1
votes

I am trying to wrap my head around Kafka Streams and having some fundamental questions that I can't seem to figure out on my own. I understand the concept of a KTable and Kafka State Stores but am having trouble deciding how to approach this. I am also using Spring Cloud Streams, which adds another level of complexity on top of this.

My use case:

I have a rule engine that reads in a Kafka event, processes the event, returns a list of rules that matched and writes it into another topic. This is what I have so far:

@Bean
public Function<KStream<String, ProcessNode>, KStream<String, List<IndicatorEvaluation>>> process() {
    return input -> input.mapValues(this::analyze).filter((host, evaluation) -> evaluation != null);
}

public List<IndicatorEvaluation> analyze(final String host, final ProcessNode process) {
    // Does stuff
}

Some of the stateful rules look like:

[some condition] REPEATS 5 TIMES WITHIN 1 MINUTE
[some condition] FOLLOWEDBY [some condition] WITHIN 1 MINUTE
[rule A exists and rule B exists]

My current implementation is storing all this information in memory to be able to perform the analysis. For obvious reasons, it is not easily scalable. So I figured I would persist this into a Kafka State Store.

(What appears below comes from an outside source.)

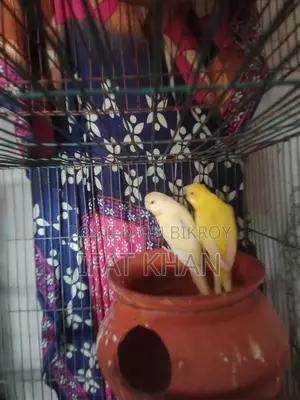 রানিং বাজরিগার
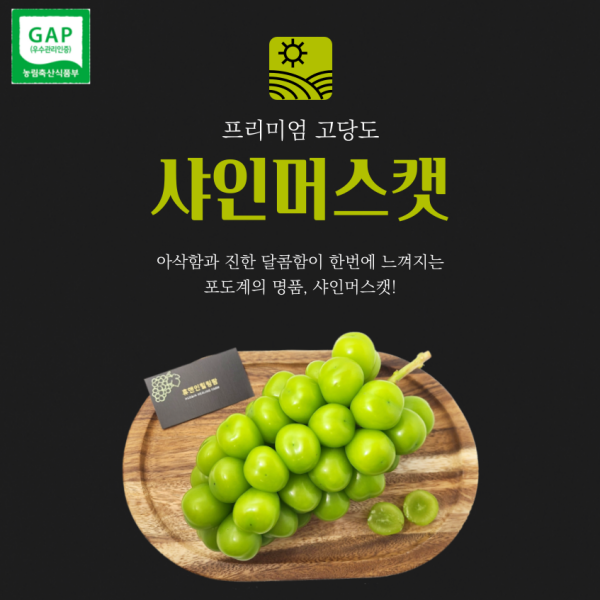 거창 고당도 프리미엄 샤인머스캣 2.7kg(3~4송이)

I am unsure of the best way to go about it. I know there is a way to create custom state stores that allow for a higher level of flexibility. I'm not sure if the Kafka DSL will support this.

Still new to Kafka Streams and wouldn't mind hearing a variety of suggestions.

1

1 Answers

2
votes

From the description you have given, I believe this use case can still be implemented using the DSL in Kafka Streams. The code you have shown above does not track any state. In your topology, you need to add state by tracking the counts of the rules and store them in a state store. Then you only need to send the output rules when that count hits a threshold. Here is the general idea behind this as a pseudo-code. Obviously, you have to tweak this to satisfy the particular specifications of your use case.

@Bean
public Function<KStream<String, ProcessNode>, KStream<String, List<IndicatorEvaluation>>> process() {
    return input -> input
                     .mapValues(this::analyze)
                     .filter((host, evaluation) -> evaluation != null)
                     ...
                     .groupByKey(...)
                     .windowedBy(TimeWindows.of(Duration.ofHours(1)))
                     .count(Materialized.as("rules"))
                     .filter((key, value) -> value > 4)
                     .toStream()
                    ....
}